The European Union does have to change. The stresses within the Eurozone are being played out daily. There must be a new momentum on how the single market works in services, digital, energy and other areas. The European Union must learn to regulate less and respect the balance of powers between the institutions and member states. It must offer hope to the many young unemployed, and it must continue to guarantee decency for people at work. However, we believe those things can be achieved without the damaging threat to leave the European Union and all that that would entail.

Andrew Bridgen: Will the right hon. Gentleman give way?

Mr McFadden: No, I want to make progress. No one is arguing that the European Union is perfect, but it is our major trading partner. It is the destination for more than 40% of our exports in goods and the source of about half of our inward investment. Our position as gateway to the single market helps attract inward investment from outside the European Union, and the EU has helped to keep the peace in Europe for decades. It would be hugely reckless for us to take those real achievements for granted.

Peter Kyle (Hove) (Lab): Does my right hon.
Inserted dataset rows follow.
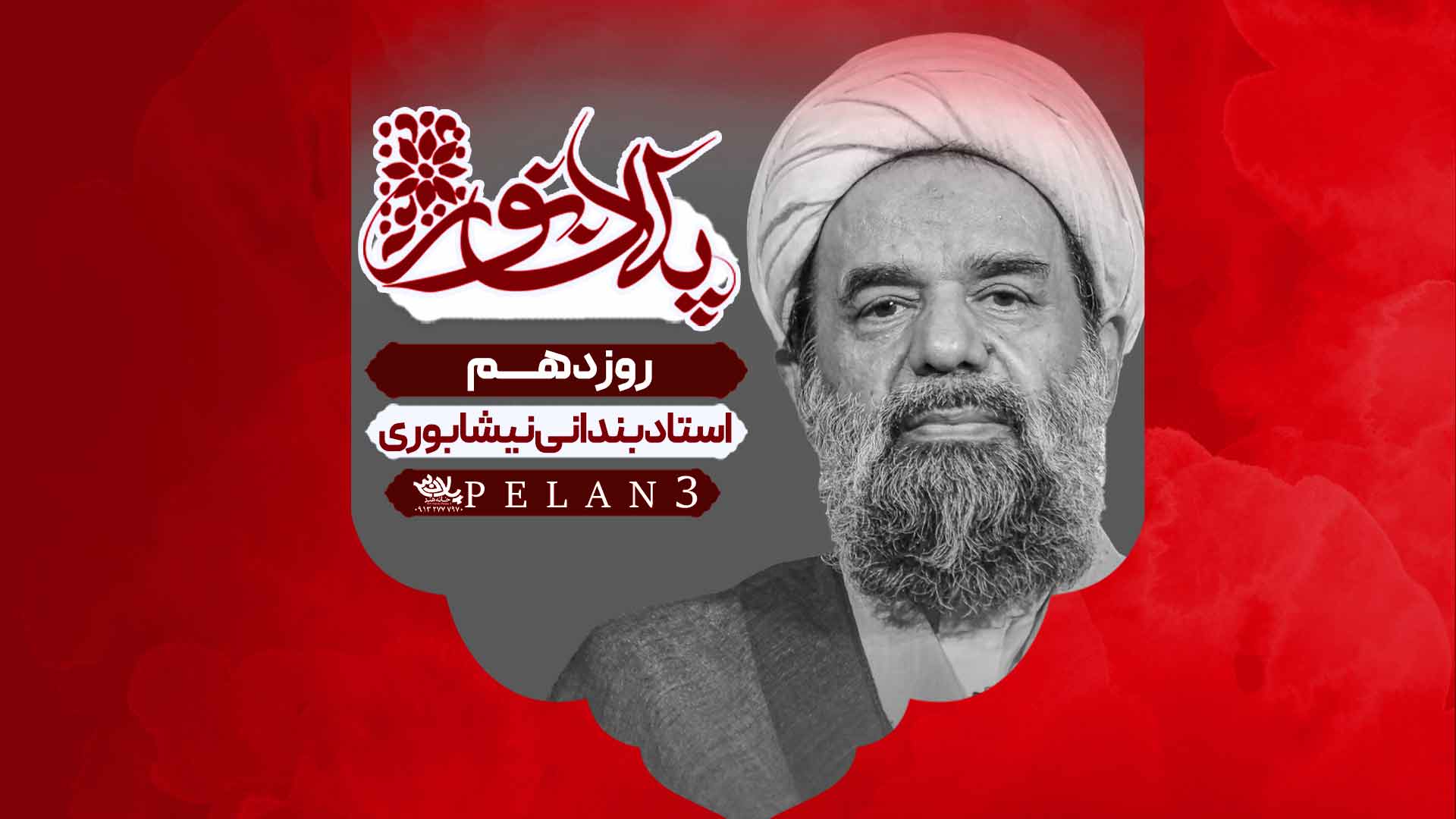 دانلود سخنرانی روز دهم ماه رمضان استاد بندانی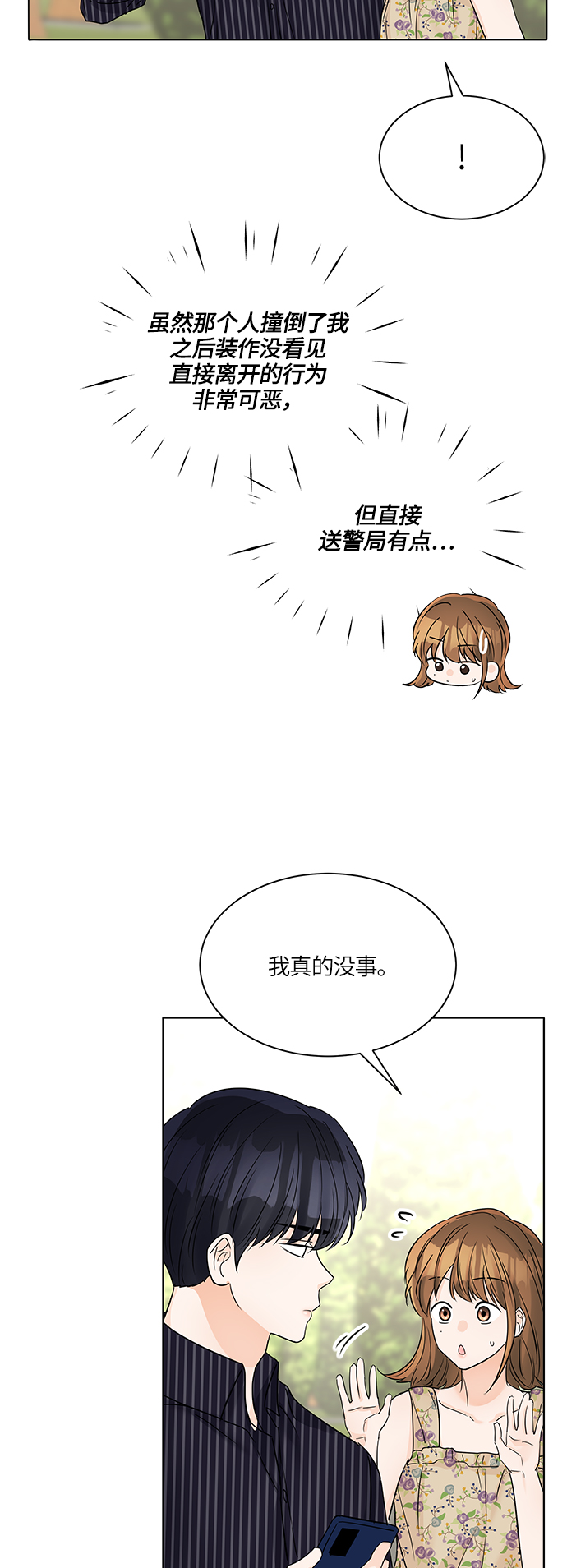 轻轻地捧着你的脸原唱漫画,第44话5图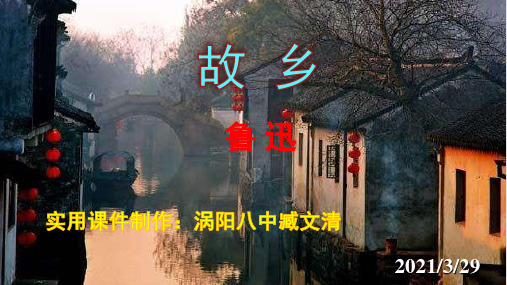 部编版教材-初中语文故乡完美PPT1-PPT精美课件
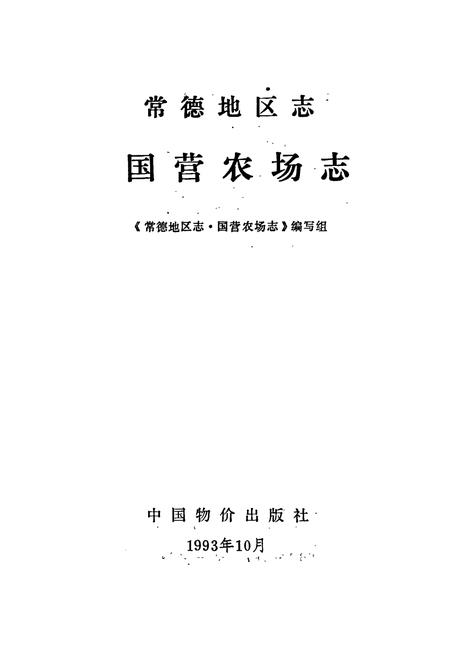 《常德地区志 国营农场志》.pdf电子版_湖南省志插图1 《常德地区志 国营农场志》.pdf电子版_湖南省志插图1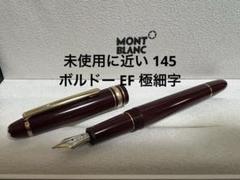 モンブラン 万年筆 未使用に近い 145 ボルドー EF 極細字 モンブラン 万年筆 未使用に近い 145 ボルドー EF 極細字 - メルカリ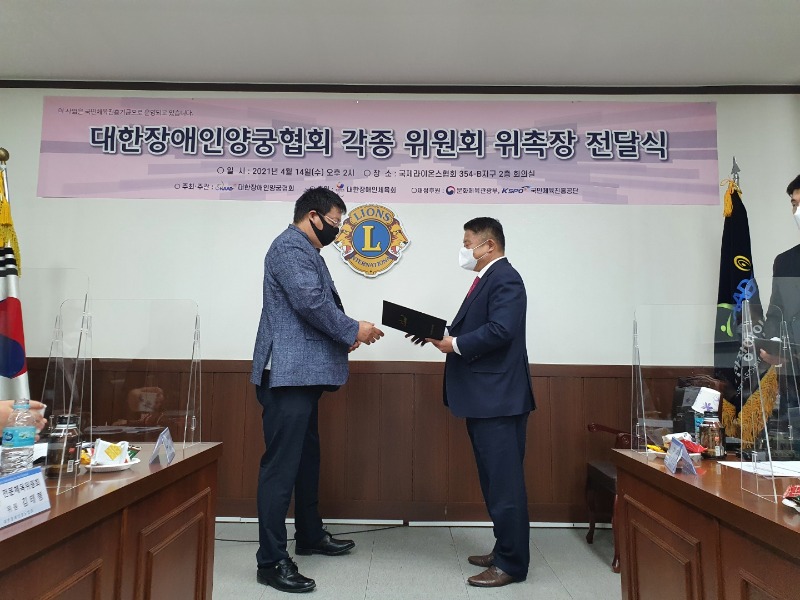 KakaoTalk_20210414_184625239_17.jpg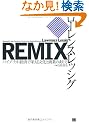 REMIX �n�C�u���b�h�o�ςŉh���镶���Ə��Ƃ̂����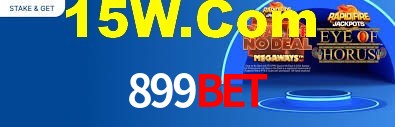 Ofertas Imperdíveis na 899Bet: Promoções e Bônus Que Valem a Pena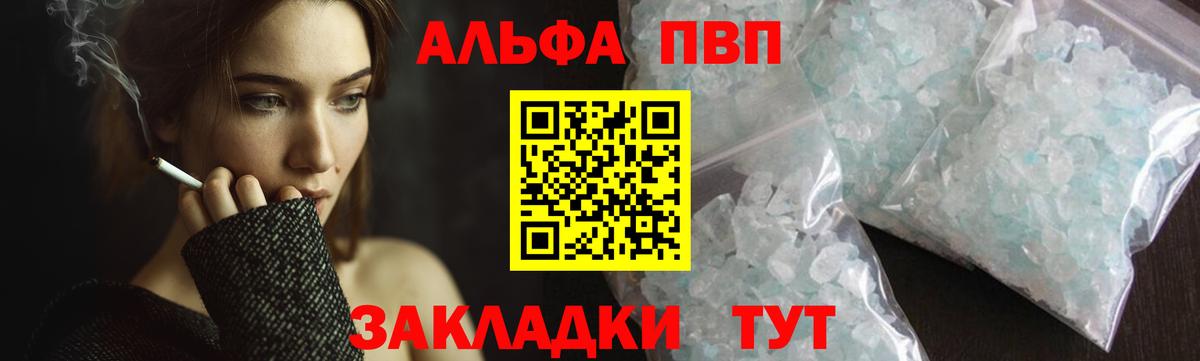 Альфа ПВП СК Лабинск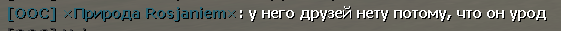 13076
Friend agree that the issue of business and Europe is progressive, because bigger businesses will have the resources to relocate if they do not like the decision to pull out of Europe, but smaller ones will not and will be stuck here?

Mr McFadden: For businesses of all sizes, big and small, it makes no sense for us to put barriers and risks between them and their customers that do not exist at present.
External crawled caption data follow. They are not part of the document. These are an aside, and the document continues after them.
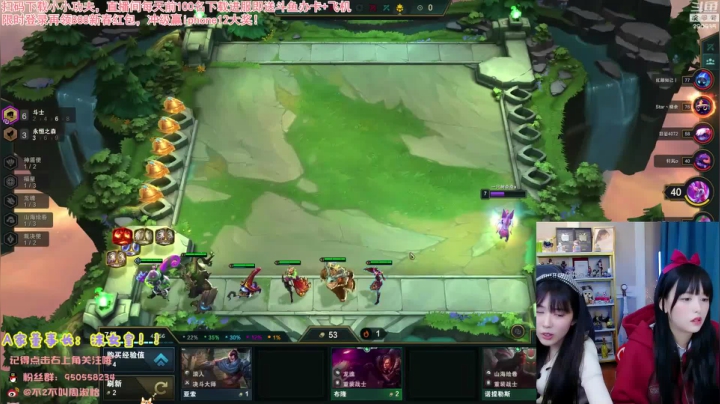 【英雄联盟】不2不叫周淑怡的精彩时刻 20210417 06点场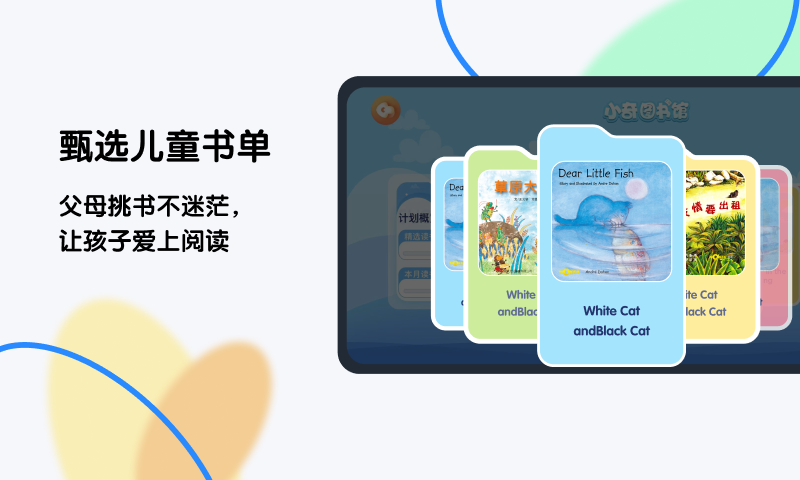 奇趣 Plus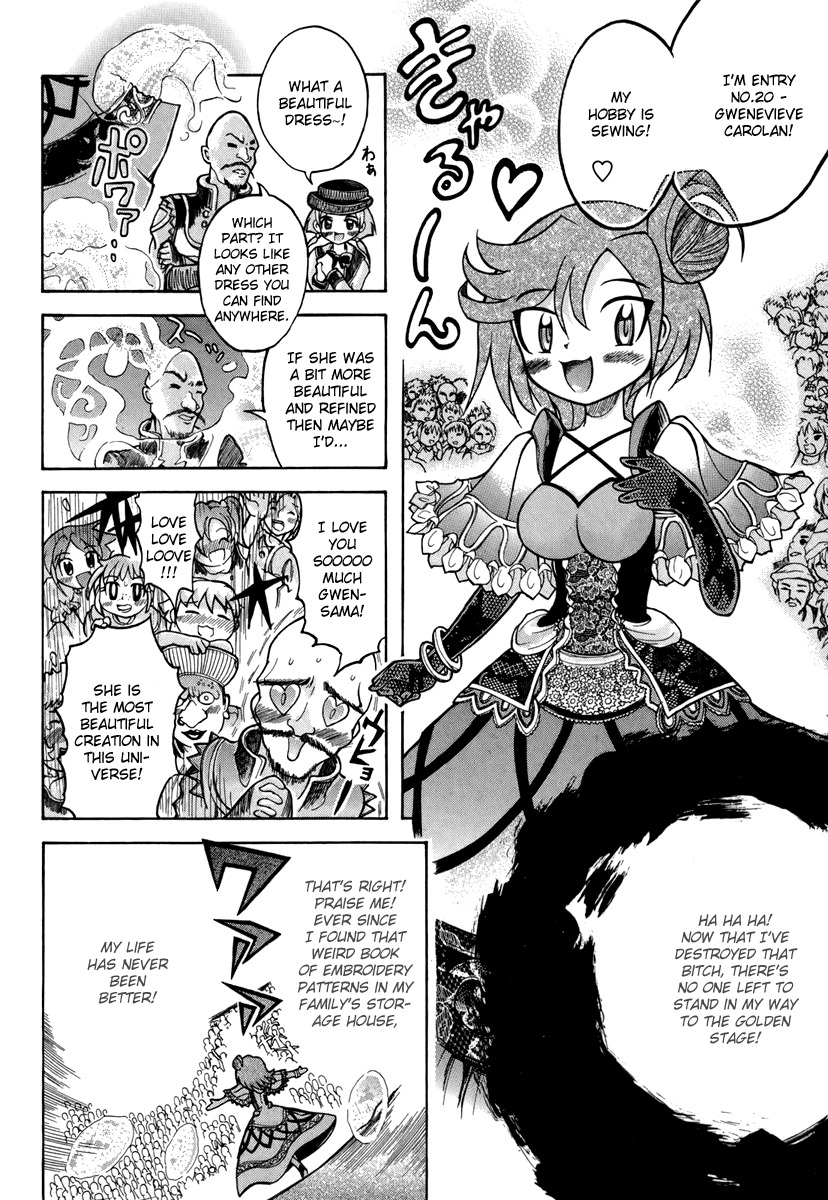 Majo no Kishi Chapter 4 page 17 - Chapter 4: Gothic Plus and the Angel of Embroidery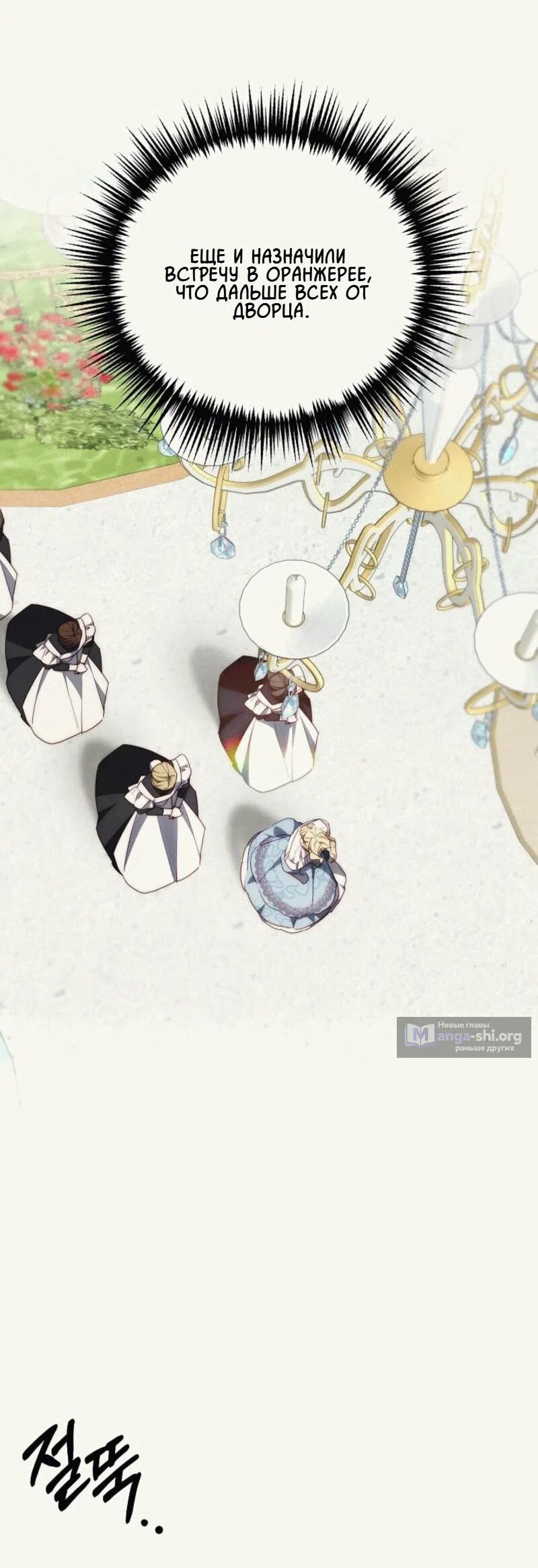 Страница 57 главы 11 манги Я приручила принца-монстра / Tamed the Monster Prince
As the debate unfolds, those who want to take us out of the EU will have to explain what it would mean for jobs, trade, exports and our collective security. On what terms will businesses want access to the single market? How much would they pay? What rules, including free movement, will they have to stick by? Is the strategy to walk away from the decision-making process and still accept many of the rules? Those who advocate Brexit in the name of sovereignty will have to explain why leaving the collective institutions where many of the rules of our economy are decided, and where we are currently represented, would enhance our power and influence. They will have to show why the major markets in the world outside the European Union would view us as a more attractive proposition if we walked away from where the rules are decided and were outside rather than in.
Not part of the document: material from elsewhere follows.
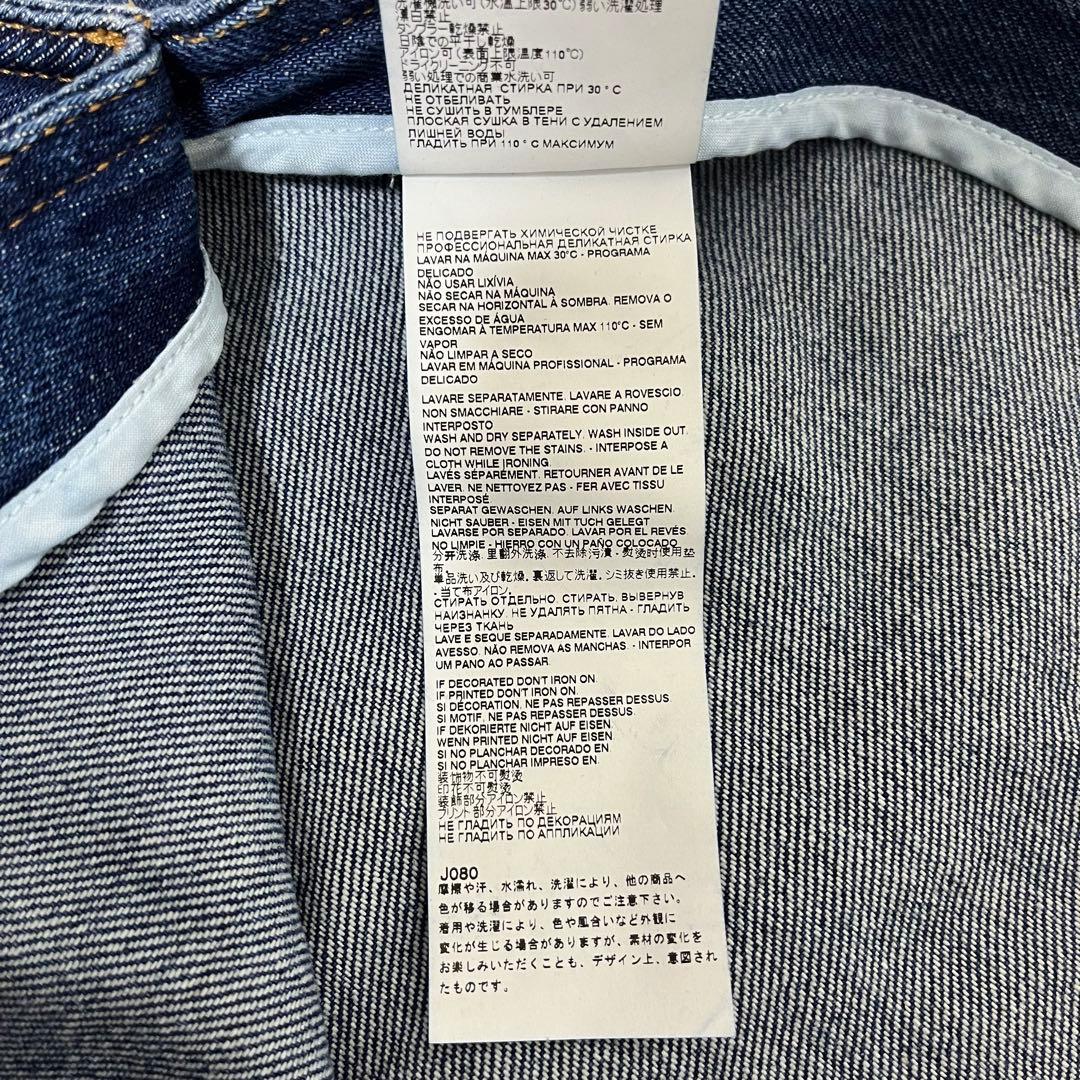 【完売品 タグ付き】マルジェラ デニム スカート 丸 円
Geraint Davies (Swansea West) (Lab/Co-op): Will my right hon. Friend give way?

Mr McFadden: No, I will not give way anymore.

My right hon. Friend the Member for Leeds Central (Hilary Benn) set out our response to the Bill and the ways in which we will seek to amend it as it goes through the House, including by extending the franchise to 16 and 17-year-olds, because it is their future too. In seeking to amend the Bill in that and other ways, we will also be clear that we believe that the best future for Britain is to remain a member of the European Union and not to withdraw from a group of nations held together by both economic interests and common values. We do not believe that we should be forced into a false choice between trading with Europe and trading with the rest of the world, when we all know that we should be doing both.

As I have said, this is a debate about power, influence and our place in the world. Losing elections, as we have just done, does not absolve a party of opposition of its responsibility to do the right thing by the country. In fact, doing the right thing by the country is essential to recovery from defeat, and that is why we will continue to argue for a Britain that maximises its power, influence and opportunities, and for a Britain that plays a leading and important role in Europe, not one that retreats into the arms of nostalgia and nationalism. There has been much debate about whether Britain has lost its confidence as a country with global reach, and whether we are presiding over a quiet and unannounced decline in our influence. Be in no doubt, the debate that the Bill begins is very much part of that issue, and we will continue to argue for Britain to remain an open, engaged and confident member of the European Union in the years ahead.